The Zen Garden
It has been quite a while since I wrote anything about the spiritual aspects of deer hunting. Frankly, I have been bogged down so much in the nuts and bolts of things like lead casting and such I have not had a chance to spend the time to really formulate what I needed to say. That does not mean I do not give it a lot of thought.
Thirty-some years ago I used to travel around the I-275 loop on the west side of Cincinnati and wonder what it would be like to hunt the vast stretches of bottom land forming the mouth of the Great Miami River. I knew there were deer there; frequently there would be a roadkill carcass in the berm. I always looked for deer in the fields. Back in the early 80’s I was out driving a lot, trying to get permission to hunt. I drive that stretch quite a bit now. There is no guessing about the deer anymore. I can regularly see a dozen or more between Petersburg, KY and Miamitown. Last March, I counted 30 carcasses in a mile of road as the snow melted. I have seen plenty of turkeys there too; the first time I have seen turkey in Hamilton County. I knew they would get there eventually.
It gets me to thinking about why I go all the way to Bracken County, Kentucky to hunt. It’s 63 miles from the house. The bottoms are less than 20 miles. Part of it is simply it is darn hard to get access to hunt anywhere in Hamilton County. Yes, it can be done, but Hamilton County is very built up. Most of it is subsumed by Cincinnati and satellite municipalities where any sort of hunting is banned. What is available to hunt is getting more and more urbanized. The unincorporated areas west of Cleves is about all that is left, and the big corn fields are slowly being turned into softball fields and junk yards.
I remember years ago driving all the way up to Wilmington, Ohio to do a morning’s squirrel hunt on a friend’s family farm. It all seemed so pristine and bucolic, but I came to a peninsula in the back woodlot and found myself neatly squeezed between the back end of a Kroger parking lot on one side and the FedEx runway on the other with large cargo jets landing over my head.

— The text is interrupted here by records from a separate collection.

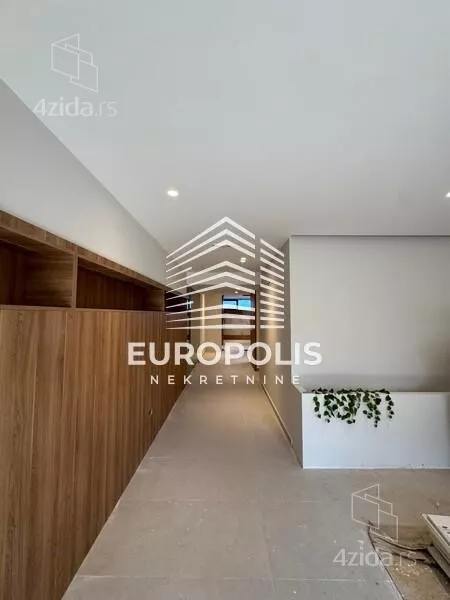 Lokal | 4zida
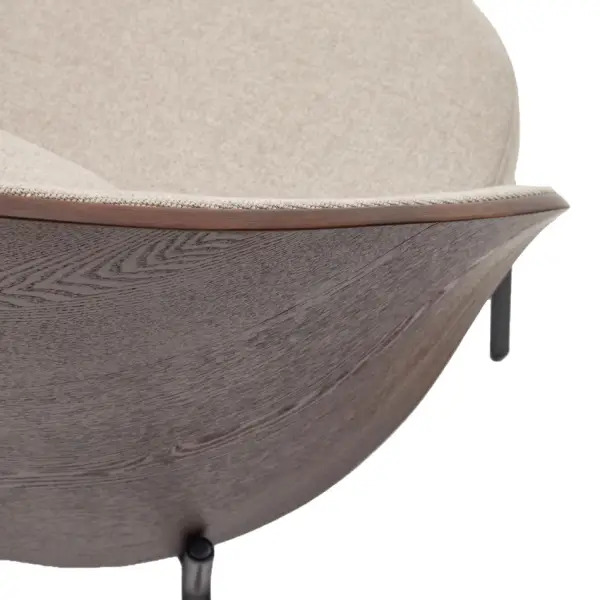 Sillón de fresno wengué tapizado en marrón claro pata metálica negra Eamy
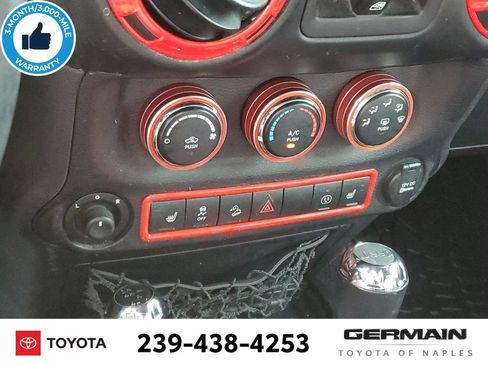 Used 2017 Jeep Wrangler Unlimited Sahara w/ Max Tow Package AWD/4WD image 31
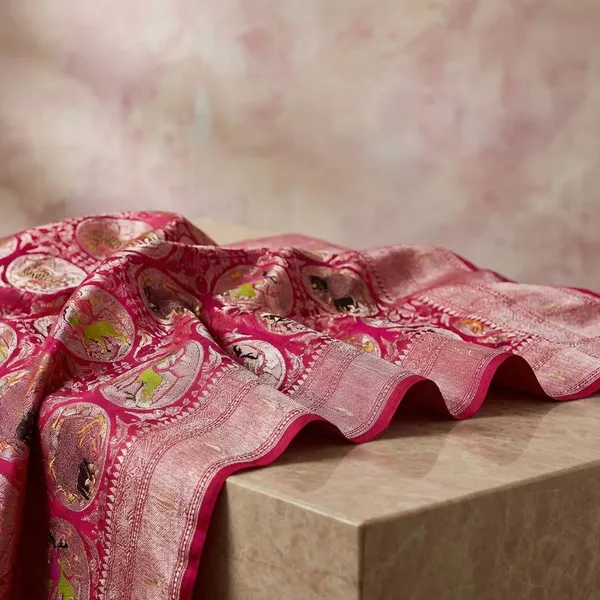 Pink_Designer_Printed_And_Dolla_Silk_Fabric_Sarees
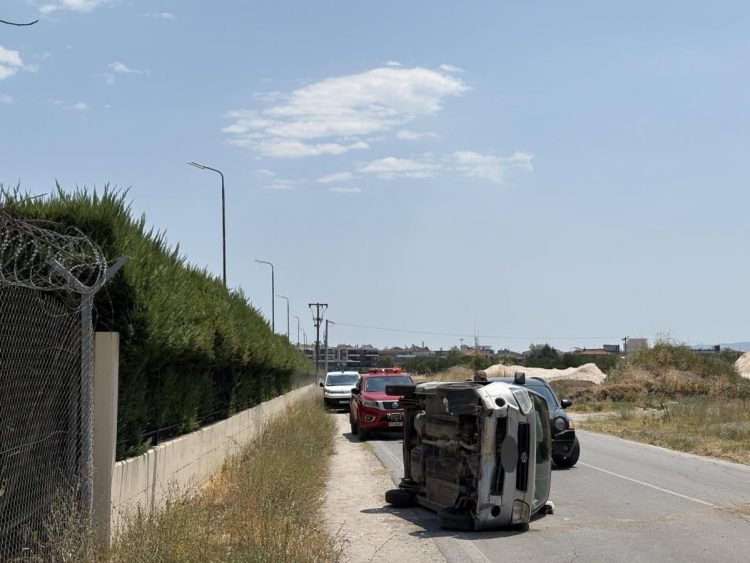 «Τούμπαρε» αυτοκίνητο – Μια γυναίκα τραυματίας μεταφέρθηκε στο νοσοκομείο (ΕΙΚΟΝΕΣ)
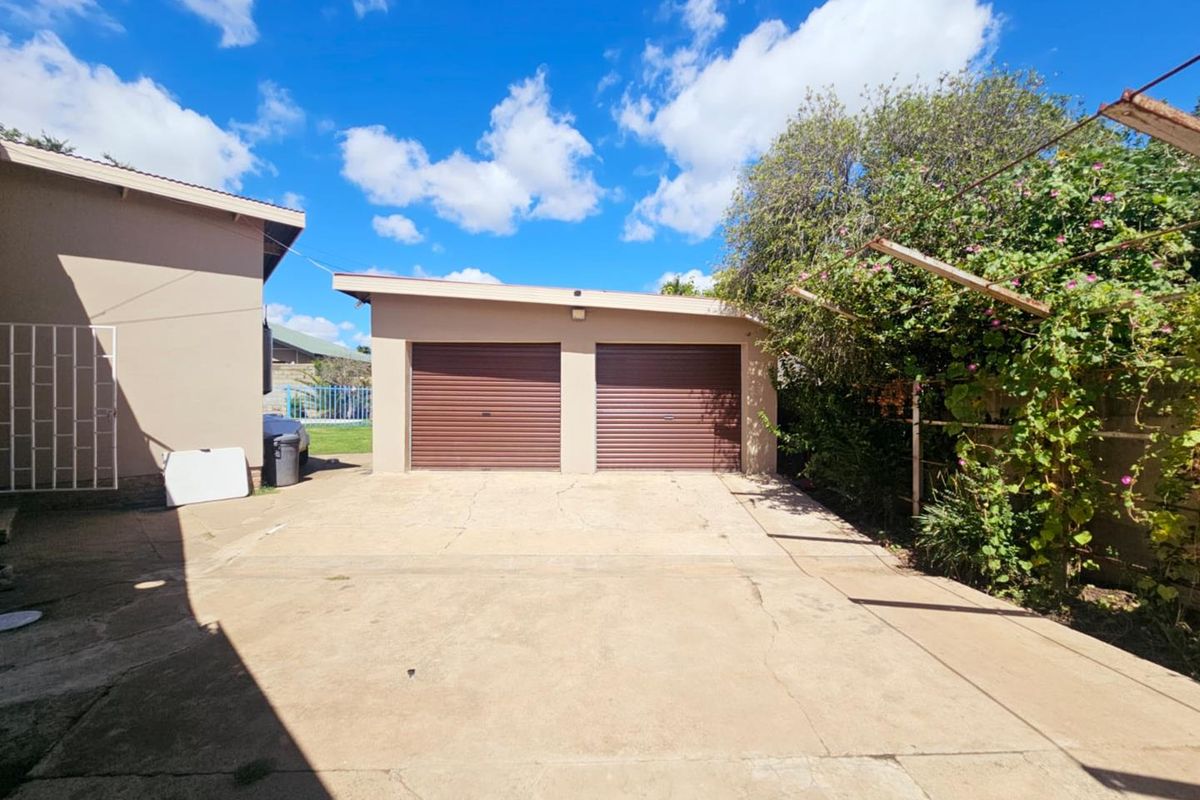 "Discover Comfort: 4 Beds, Pool, Braai, & More!" - Photo 2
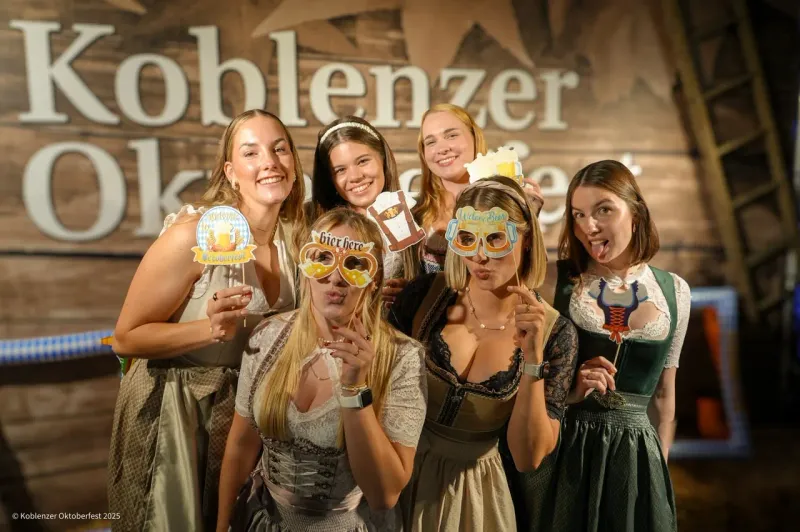 Spaß an der Fotowand mit Wiesn-Accessoires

The wide open spaces of the Great Miami River bottoms are no longer fields and woods, but are rapidly becoming residential and light industrial. I was offered a shotgun hunt there twenty years ago. The only problem was it was in the back end of a steel yard. The fence around it was 8 feet high with barbed wire at the top, but the deer were getting in and becoming a nuisance. I looked the place over and thanked the fellow for his kindness and never went.
This brings me to a point. Hunting for me is not about meat. It feeds something else in me. It has more to do with where I hunt and how I hunt than what I hunt. I have tried hunting deer with a Walmart at my back. It ain’t the same. Even on public land, I kind of feel weird. If you are reading this somewhere out west or up in the great trackless north, you may be scratching your head. Around me, public land is not hundreds of thousands of acres or even thousands or that many hundreds of acres. Unless you drive a ways, you are talking about a WMA of maybe 2000 huntable acres with every turnout and parking lot filled on the Shotgun Opener.
I am happy on my own 200 acres, shared with just my family. I can really look forward to each visit. I can go sit in my stand on the Rifle Opener and feel safe. I can hear trucks on the county road a mile or so away and dogs barking at the neighbors over on the next ridge, but I don’t have a housing project or a Kmart at my back. It makes me wonder: why is this acceptable to me? Why don’t I need snow-capped mountains and unnamed lakes to feel at peace?
This is not wilderness. There is very little wilderness left in the Greater Ohio Valley. Most of the larger parcels of huntable land d are second growth forest on reclaimed land. Even my place has the remains of three different settlements dating back before Kentucky as a state. No, what I have is an echo of wilderness, just enough to satisfy.
Have you ever seen a Zen garden? A Zen garden is kind of neat idea. The idea is to artificially create a landscape that can cause the viewer to contemplate things larger than what is ostensibly there. Buddhist monks in Japan got into this idea. A bunch of rocks, neatly raked can represent an ocean. A big rock in the middle can stand in for an island. It ends up kind of coming off like a overly-manicured golf course, but instead of whacking balls around the monks contemplate the Universe.
I pass a little Zen garden nearly every day. There is a Catholic convent on the way home, and some of the nuns must be broadening their horizons. It is right out by the road. I cannot fathom how you could seriously groove on the thing without having the traffic interfere. The other day, however, I saw a couple of doe munching on the lawn next to it, and it got me to thinking.
That is kind of what we’ve got here at deer camp, a Zen garden. Only I like game roaming around on mine, and I like to do my contemplations with a 30-06.
This pic could have been taken at any Kentucky Waffle House in mid November. Look at these guys. They all seem to be wearing Hunter Orange. What’s the difference between that and this?
I’ll tell you what: the hat. It ain’t legal in Kentucky if you don’t wear the hat, but then I guess they come from a place with a warmer climate. The Conservation Officers must be giving them a little slack.